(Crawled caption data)
*** Block opens ***

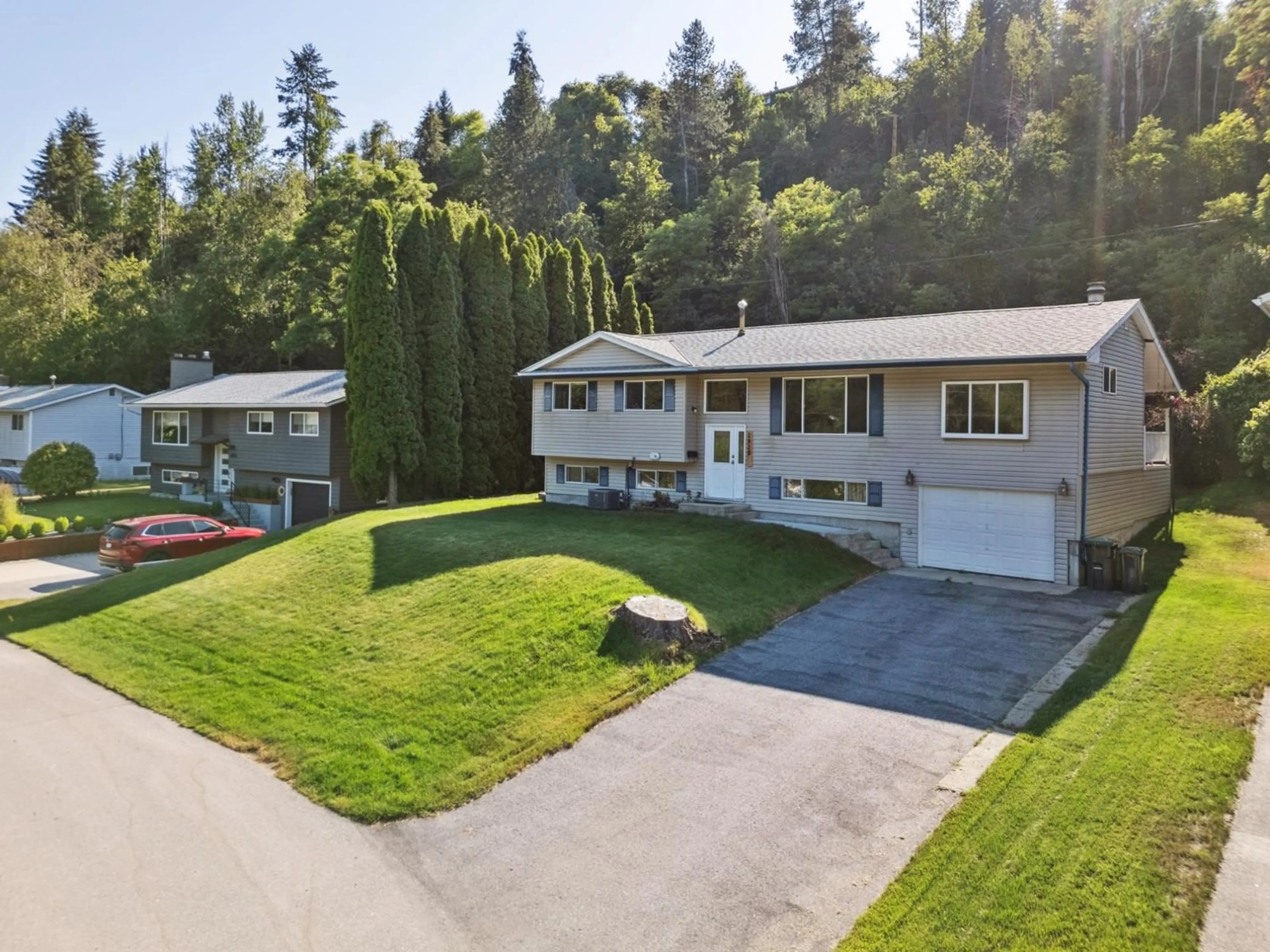 Frontside or backside of a home, the street view for 2828 DUMONT Crescent, Castlegar British Columbia V1N3J5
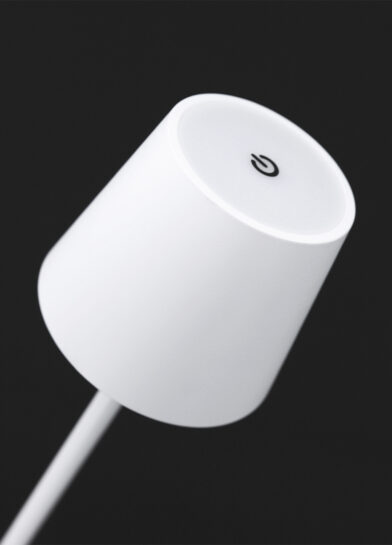 LÁMPARA LED PORTÁTIL LIEVO 3,5W 120º SWITCH 2700K/3200K/4000K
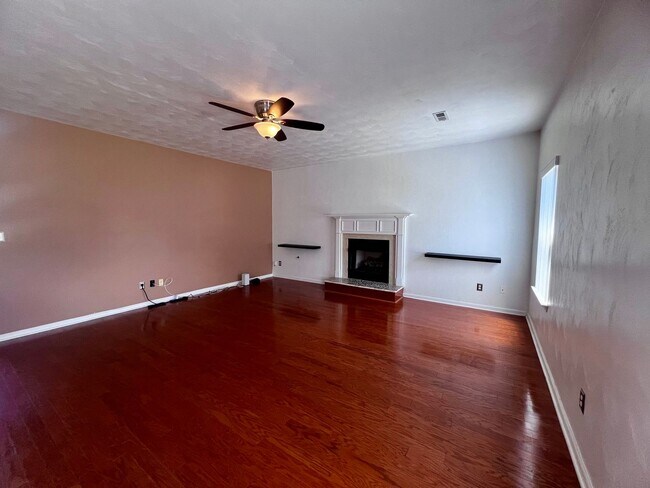 Building Photo - Beautiful 4 bedroom home in Chesapeake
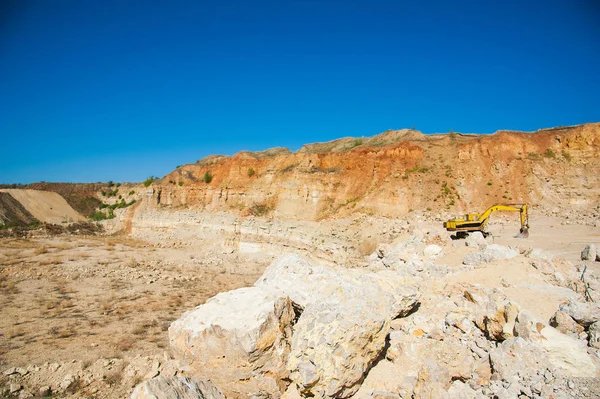 Producción de piedra en una cantera abandonada —  Fotos de Stock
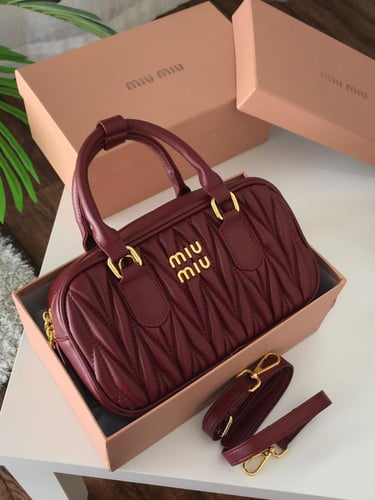 شنطة يد ميو ميو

*** Block closes ***

Could you output every record above exactly as written, leaving out the pictures?

 Frontside or backside of a home, the street view for 2828 DUMONT Crescent, Castlegar British Columbia V1N3J5
 LÁMPARA LED PORTÁTIL LIEVO 3,5W 120º SWITCH 2700K/3200K/4000K
 Building Photo - Beautiful 4 bedroom home in Chesapeake
 Producción de piedra en una cantera abandonada —  Fotos de Stock
 شنطة يد ميو ميو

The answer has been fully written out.